--- Exercise data Enclosed Below ---

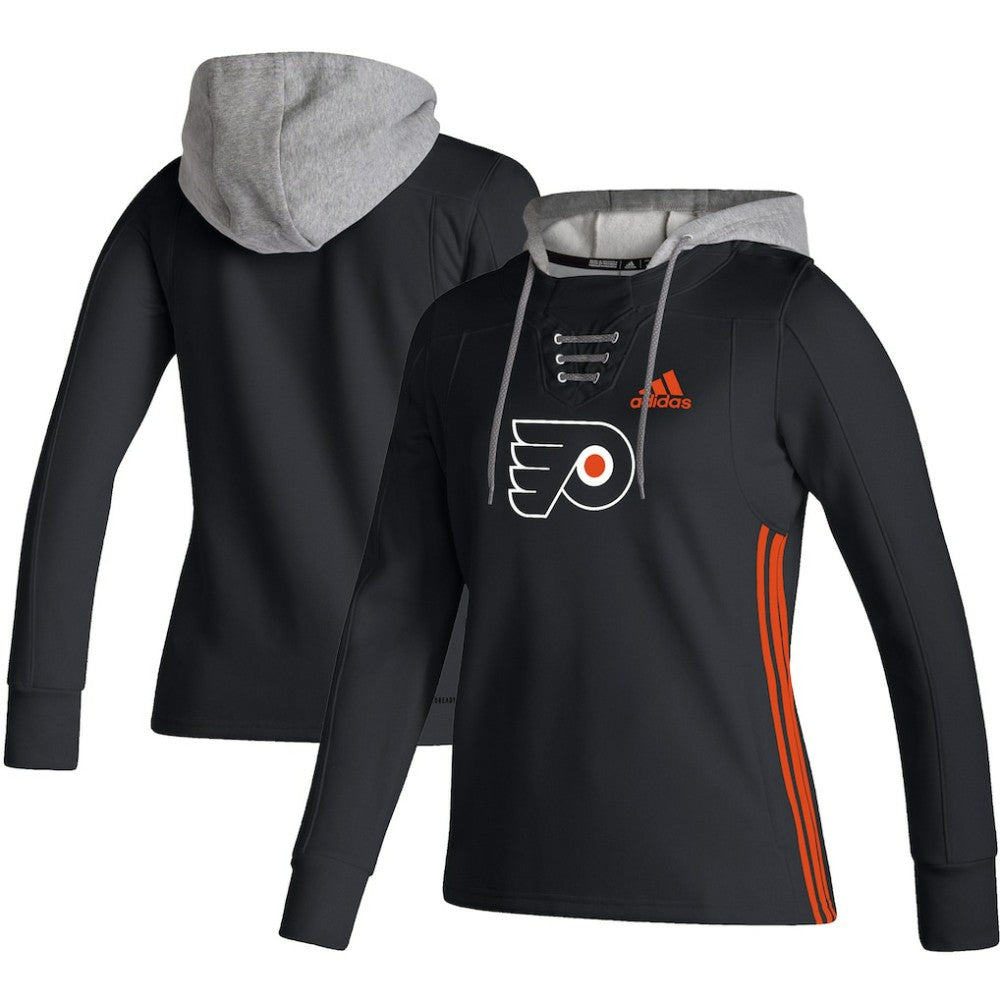 NHL Philadelphia Flyers adidas Women's Skate Lace AEROREADY Pullover Hoodie - Black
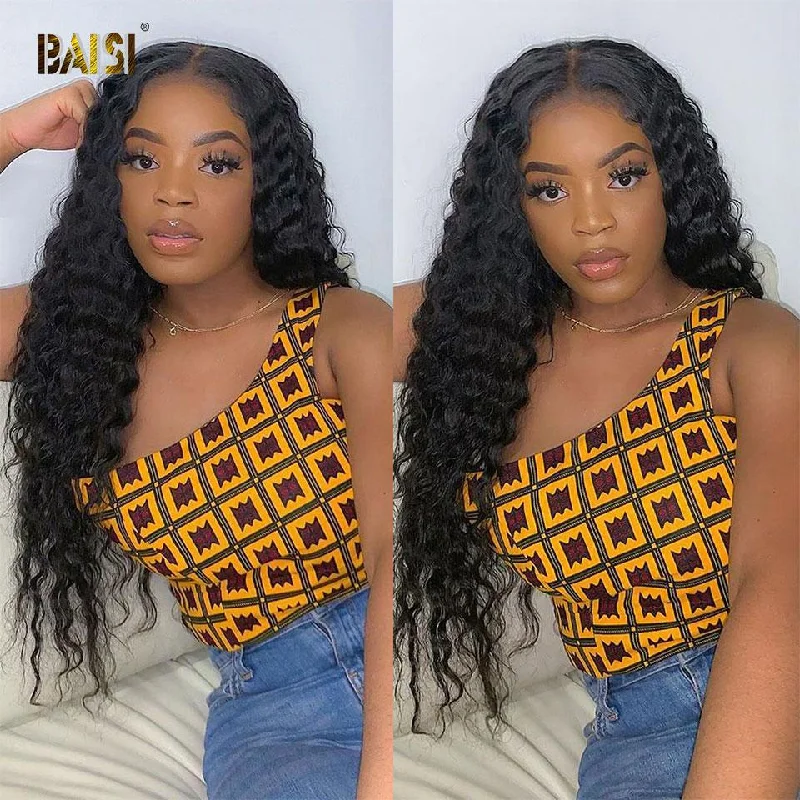 real person hair ring cross-season ring-BAISI U Part Wig Deep Wave 100% Human Hair Wigs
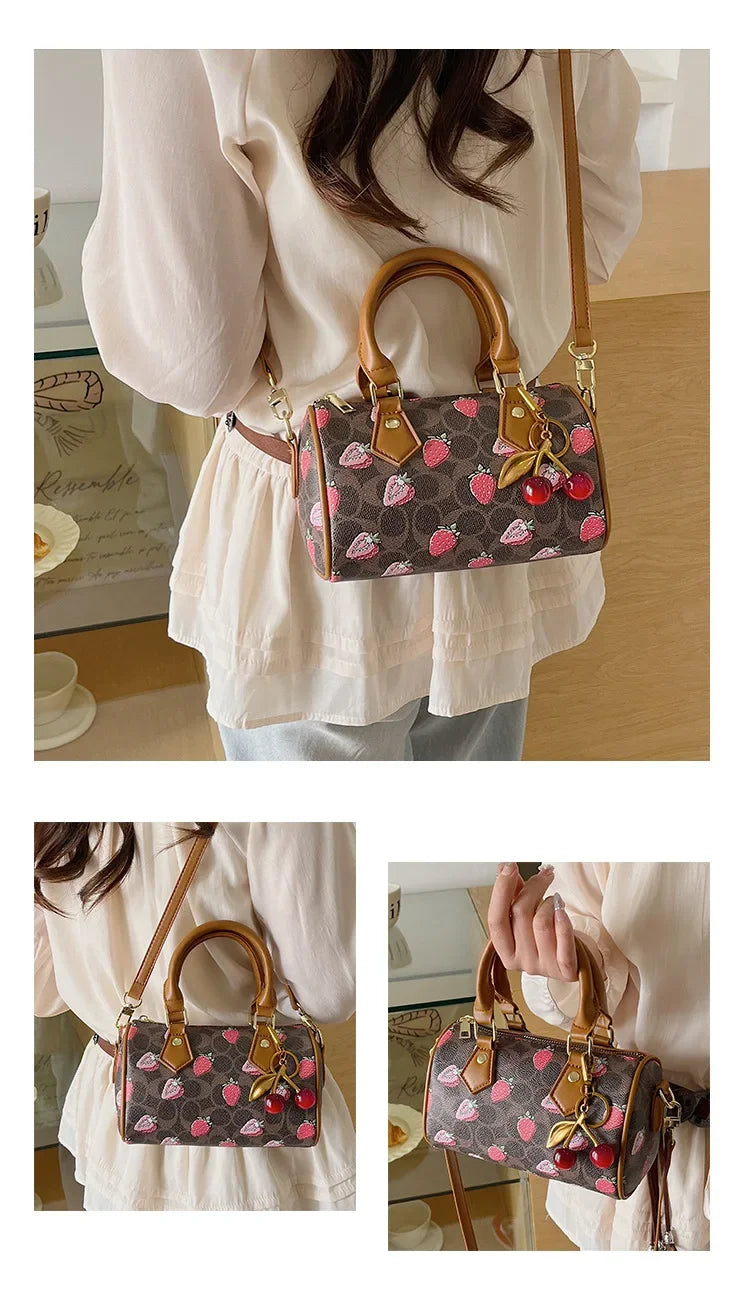 Cherry Print PU Leather Boston Crossbody Shoulder Bag – Luxury Designer Handbag for Women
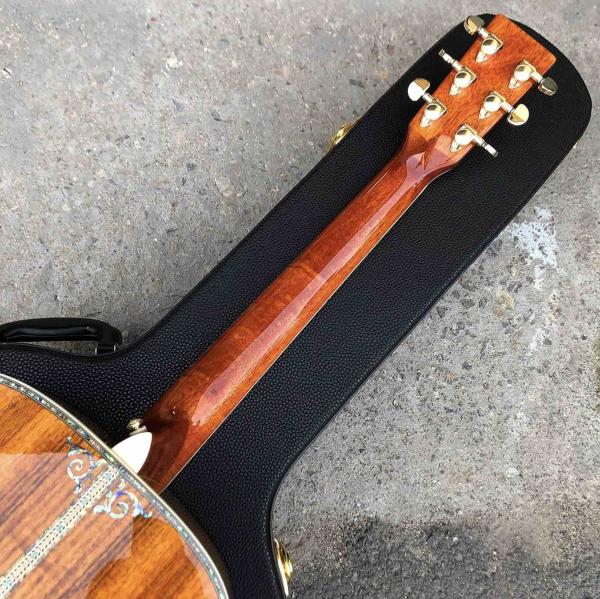 KOA wood classic acoustic guitar,Life tree Ebony Fingerboard,Abalone inlays and binding,China 41 inchs acoustic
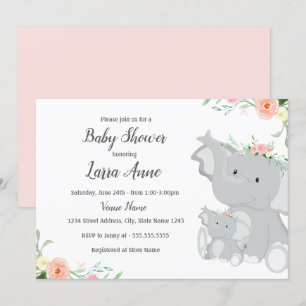 Girl Baby Elephant Baby shower Invitation Kaart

--- End of Enclosed Exercise data ---

- _The task_: Nothing but the lines from the first line of the records above to the line with "Cherry Print PU", inclusive, should be transcribed exactly, and the pictures must be left out.

- _Your response_:
 NHL Philadelphia Flyers adidas Women's Skate Lace AEROREADY Pullover Hoodie - Black
 real person hair ring cross-season ring-BAISI U Part Wig Deep Wave 100% Human Hair Wigs
 Cherry Print PU Leather Boston Crossbody Shoulder Bag – Luxury Designer Handbag for Women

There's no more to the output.